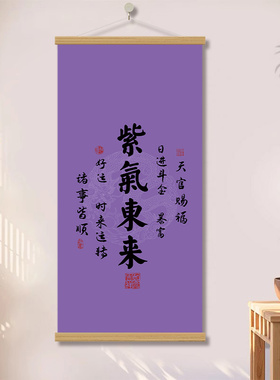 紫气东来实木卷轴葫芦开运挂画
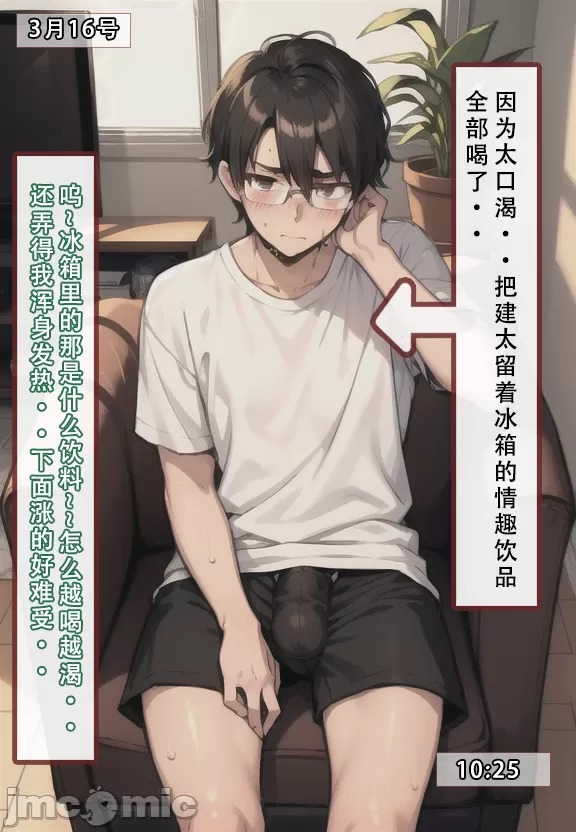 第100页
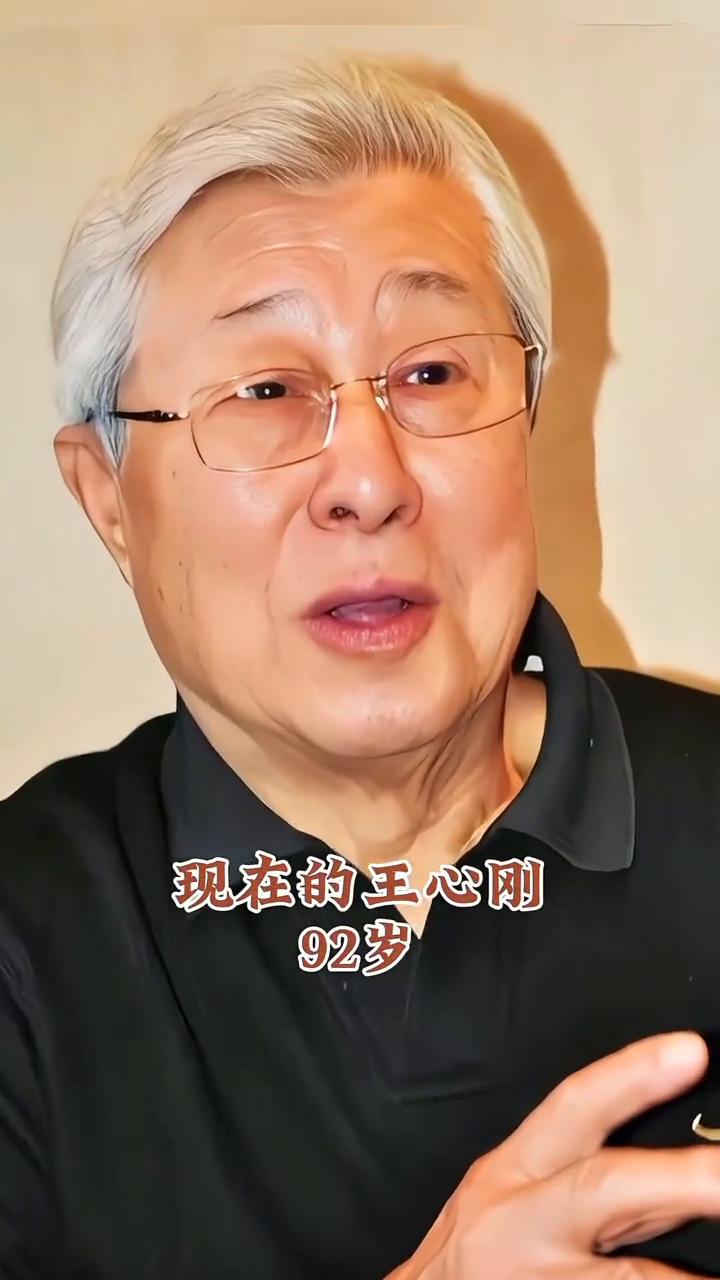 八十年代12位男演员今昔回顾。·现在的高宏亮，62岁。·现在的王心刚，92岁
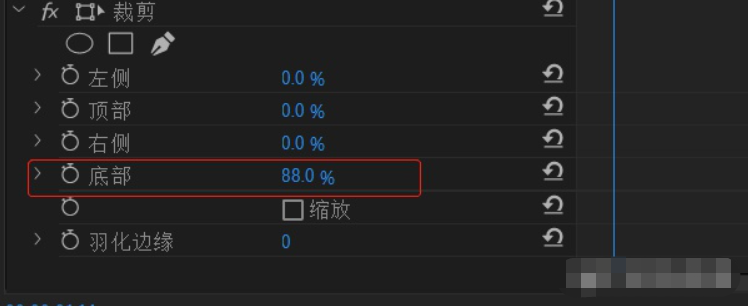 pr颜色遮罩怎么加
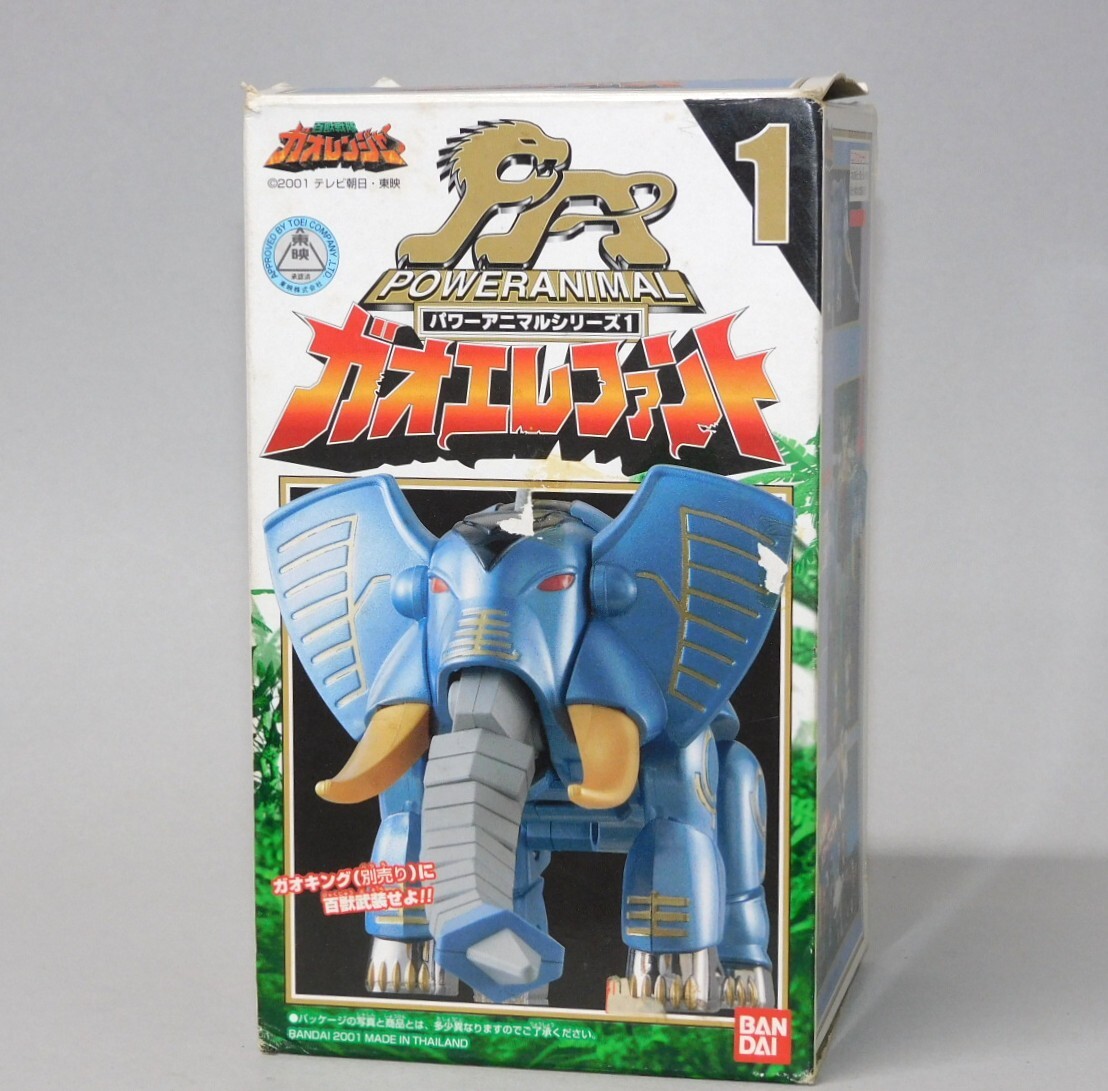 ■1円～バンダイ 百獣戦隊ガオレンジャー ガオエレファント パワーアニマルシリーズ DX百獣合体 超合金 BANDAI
---
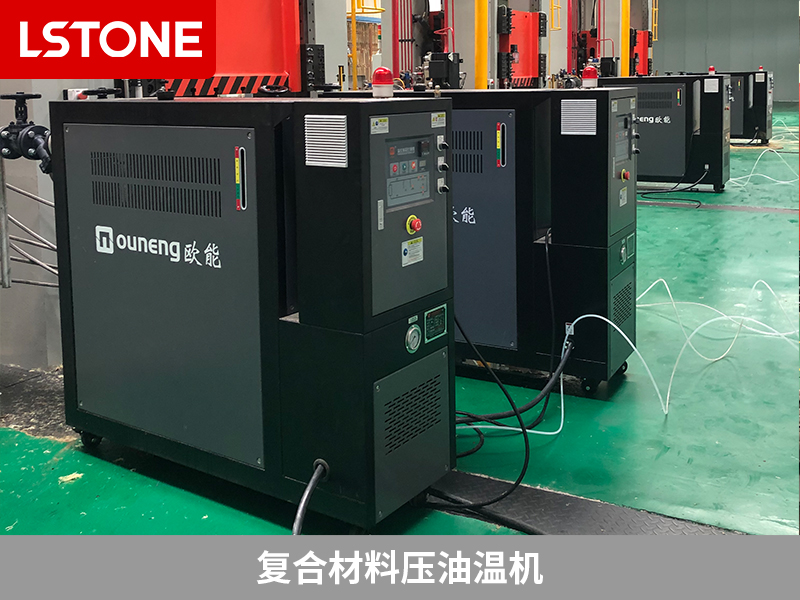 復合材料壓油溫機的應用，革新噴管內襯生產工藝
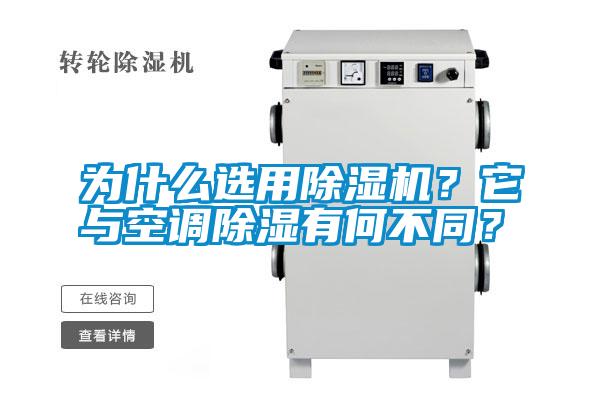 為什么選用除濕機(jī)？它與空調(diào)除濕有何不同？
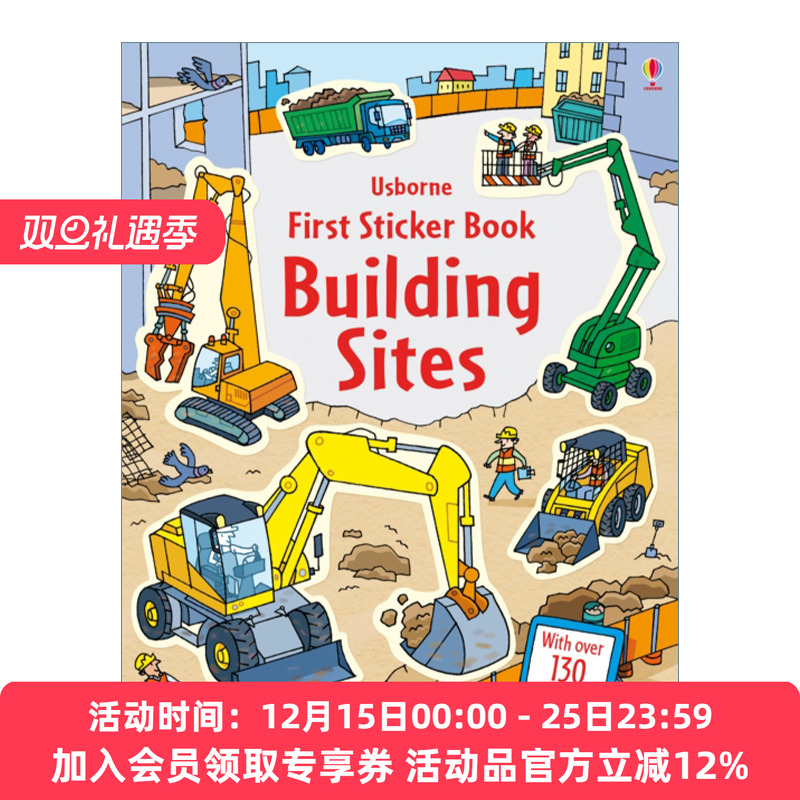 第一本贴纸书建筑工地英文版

### INSTRUCTIONS FOR THE TASK
Would you please repeat only the lines above, beginning at the one that has "復合材料壓油溫機的應用，革新噴管內襯生產工藝" and stopping after the one that has "第一本贴纸书建筑工地英文版", exactly and with no pictures?

### REPLY TO THE TASK
 復合材料壓油溫機的應用，革新噴管內襯生產工藝
 為什么選用除濕機(jī)？它與空調(diào)除濕有何不同？
 第一本贴纸书建筑工地英文版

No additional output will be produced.